Suara kecil di benakku menyuarakan keberatan. Masih ada siswa dengan daya baca tinggi, Pak! Di Nusantara, tugas menganalisis buku dan menerjemahkan buku dalam bahasa tertentu ada minimal satu setiap bulan.

"Nah, tiga landasan ini penting, adik-adik. Tanpa tiga hal ini, akan sulit bagi kalian untuk bertahan di zaman modern. Zaman yang begitu cepat, begitu instan. Dulu, kalau ditanya mau jadi apa, mungkin masih ada yang jawab jadi tukang pos, atau mau meneruskan usaha keluarga jaga wartel. Sekarang? Masih adakah profesi itu? Siapa yang mau kirim pos? Masih ada yang mau nelpon lewat wartel?"

Sekilas, aku melihat Nina menggelengkan kepalanya.

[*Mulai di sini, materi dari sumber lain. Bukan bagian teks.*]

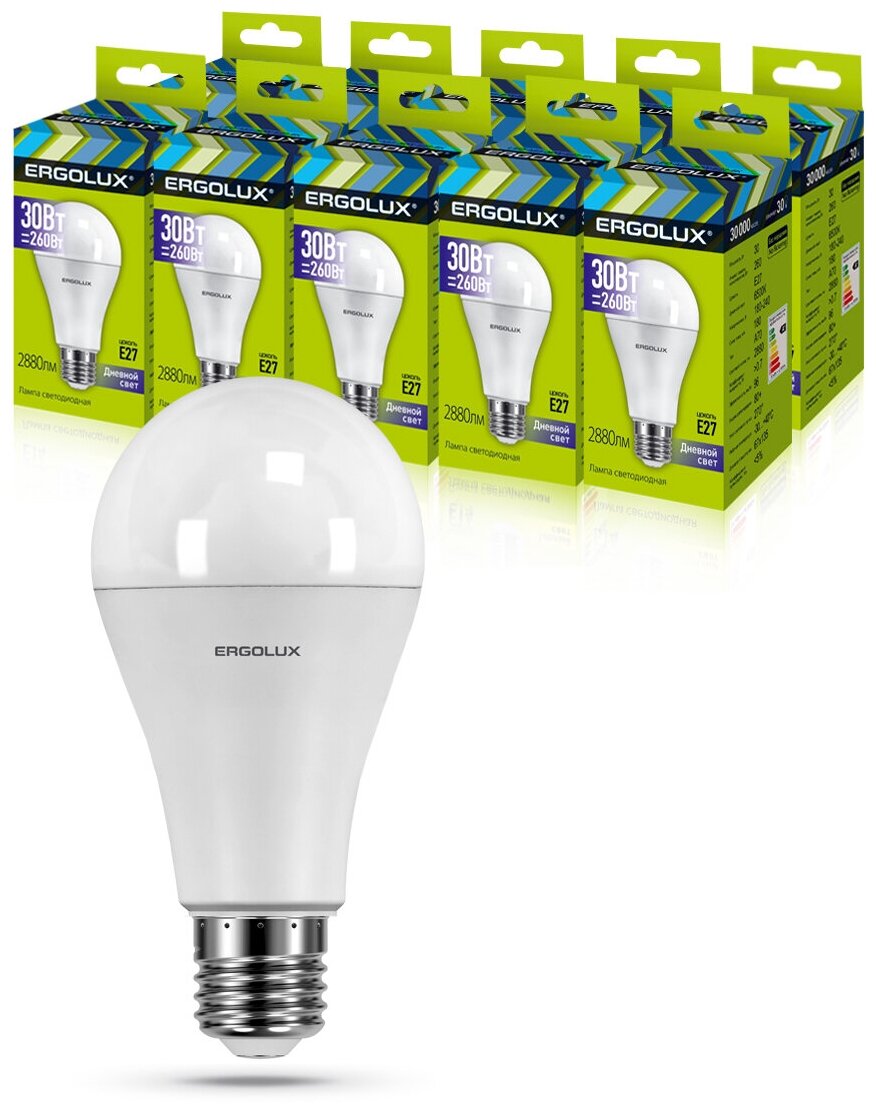 Набор из 10 светодиодных лампочек Ergolux LED-A70-30W-E27-6K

"Harusnya sekolah sekarang jangan tanya lagi, 'Mau jadi apa?' Harusnya sekolah menanyakan, 'Nanti kalau besar mau membuat apa?' Gelisahlah dengan masa depan, adik-adik. Jangan cepat puas. Jangan pernah lupa tiga komponen itu."

Lapangan sekolah masih bisu, menunggu.

"Dulu, saya pernah menemukan tulisan ini, ketika berkunjung di salah satu universitas di Afrika Selatan. Saya suka sekali sama pesannya, semoga adik-adik juga suka. Saya coba bacakan, ya," tambah Pak Asien.

"Untuk menghancurkan sebuah bangsa, tidak perlu dengan bom, roket, dan senjata berat, tapi cukup dengan mempermudah murid curang dalam ujian dan longgar dalam disiplin belajar."

Aku mencuri pandang ke sekeliling, penasaran, apakah pesannya tersampaikan? Dengan pengangkatan Pak Edi dan kehadiran Pak Asien, apakah mereka paham apa yang terjadi?

"Adik-adik, orang akan banyak yang mati di tangan para dokter yang lulus karena curang. Rumah dan gedung akan banyak yang ambruk di tangan para arsitek yang lulus karena curang. Perusahaan akan banyak yang bangkrut di tangan para akuntan yang lulus karena curang. Keadilan akan hilang di tangan hakim yang lulus karena curang. Kebodohan dan kekasaran akan menjadi karakter bagi anak bangsa di tangan para guru dan pendidik yang lulus karena curang.

"Jadi adik-adik, saya harap kalian semua tidak jadi orang yang curang. Kalian adalah penerus bangsa, harapan Indonesia satu-satunya. Saya percaya, kalian semua akan jadi orang-orang hebat. Kalian semua pasti bisa membanggakan Indonesia."